My eldest Sabine lives just down the road from the water park, which is a former gravel working that has been made into a country park. There’a path round the lake and it’s fringed by trees and in some places small reedbeds. If you can shut out the background noise on a busy Sunday afternoon it’s quite serene for the eyes if maybe not the ears.
Among the Coots and Mallard were some more several flocks of Tufted Duck, a group of four drake Gadwall and a couple of Great Crested Grebe. The resident drake Pochard with the damaged wing was also present. I did a double take when it suddenly appeared flying strongly across the expanse but it turned out a second bird was also present.
There were plenty of gulls in two states of being, loafing or chasing airborne loafs. The birder in you never switches off and whilst I knew there wouldn’t be any unusual visitors I diligently worked the flocks. The scan of Black-headed Gulls was interrupted by the occasional example of Common, Herring and Lesser Black-backed.

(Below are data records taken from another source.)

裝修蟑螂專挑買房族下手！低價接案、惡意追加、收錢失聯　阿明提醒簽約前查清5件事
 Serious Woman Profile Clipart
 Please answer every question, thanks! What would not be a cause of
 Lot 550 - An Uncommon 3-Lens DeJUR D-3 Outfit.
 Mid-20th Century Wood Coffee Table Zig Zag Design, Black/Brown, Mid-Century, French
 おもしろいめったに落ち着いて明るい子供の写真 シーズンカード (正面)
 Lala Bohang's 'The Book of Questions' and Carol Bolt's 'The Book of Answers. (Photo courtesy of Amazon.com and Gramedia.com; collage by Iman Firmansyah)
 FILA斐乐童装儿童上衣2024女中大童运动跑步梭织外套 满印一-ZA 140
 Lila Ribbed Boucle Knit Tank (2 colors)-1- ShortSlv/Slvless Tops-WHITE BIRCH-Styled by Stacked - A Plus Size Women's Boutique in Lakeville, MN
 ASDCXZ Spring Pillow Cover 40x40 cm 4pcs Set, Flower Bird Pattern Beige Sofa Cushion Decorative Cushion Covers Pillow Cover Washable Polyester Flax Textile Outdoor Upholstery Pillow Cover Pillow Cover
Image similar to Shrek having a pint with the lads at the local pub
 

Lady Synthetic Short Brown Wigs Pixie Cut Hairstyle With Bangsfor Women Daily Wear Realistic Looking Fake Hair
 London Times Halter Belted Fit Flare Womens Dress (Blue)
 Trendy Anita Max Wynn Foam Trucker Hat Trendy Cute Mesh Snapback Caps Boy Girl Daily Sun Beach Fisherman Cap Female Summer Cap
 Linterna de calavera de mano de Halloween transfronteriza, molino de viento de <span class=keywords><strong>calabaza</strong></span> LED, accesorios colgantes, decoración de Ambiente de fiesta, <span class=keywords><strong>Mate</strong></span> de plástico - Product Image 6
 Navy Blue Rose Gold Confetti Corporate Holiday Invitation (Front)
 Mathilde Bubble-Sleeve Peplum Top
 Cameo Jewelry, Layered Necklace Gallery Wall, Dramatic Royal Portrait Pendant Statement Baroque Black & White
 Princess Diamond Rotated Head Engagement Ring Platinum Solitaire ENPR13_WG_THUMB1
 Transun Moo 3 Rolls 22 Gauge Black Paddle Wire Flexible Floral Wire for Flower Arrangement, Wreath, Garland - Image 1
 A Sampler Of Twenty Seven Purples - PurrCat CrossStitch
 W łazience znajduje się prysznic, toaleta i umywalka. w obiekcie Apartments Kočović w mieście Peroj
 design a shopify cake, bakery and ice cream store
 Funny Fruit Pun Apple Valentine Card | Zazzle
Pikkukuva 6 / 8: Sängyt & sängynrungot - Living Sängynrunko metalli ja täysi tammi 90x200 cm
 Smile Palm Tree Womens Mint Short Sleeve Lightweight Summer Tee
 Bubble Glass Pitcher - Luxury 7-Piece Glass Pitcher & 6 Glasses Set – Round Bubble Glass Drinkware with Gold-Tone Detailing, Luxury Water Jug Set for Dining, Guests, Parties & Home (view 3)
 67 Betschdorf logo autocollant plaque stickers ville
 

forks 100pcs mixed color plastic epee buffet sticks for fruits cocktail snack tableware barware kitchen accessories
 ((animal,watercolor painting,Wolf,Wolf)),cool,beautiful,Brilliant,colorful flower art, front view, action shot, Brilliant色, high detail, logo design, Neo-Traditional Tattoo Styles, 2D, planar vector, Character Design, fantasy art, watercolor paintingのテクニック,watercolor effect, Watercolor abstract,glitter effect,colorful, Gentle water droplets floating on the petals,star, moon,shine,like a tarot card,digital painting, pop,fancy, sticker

I hung around the most favoured bird feeding area near the ice cream and coffee vans to see if any of the gulls were colour ringed. They weren’t, the swan family was and there was a Coot with a Darvic ring probably hand caught here. Lingering in this area of avian-human interaction saw the usual contrast, between people of all ages who find birds entertaining and engaging and others who treat them with disdain.
If you read yesterday’s blog the first rate service regarding the feedback on the Black-headed Gull at Skippool continued. This morning I hear back from Morton Helberg with the details of JMT3. Perhaps the ring is damaged and that’s why it hasn’t been seen since being caught in the Oslo area in April 2020, or maybe it just normally winters where nobody checks gulls for rings.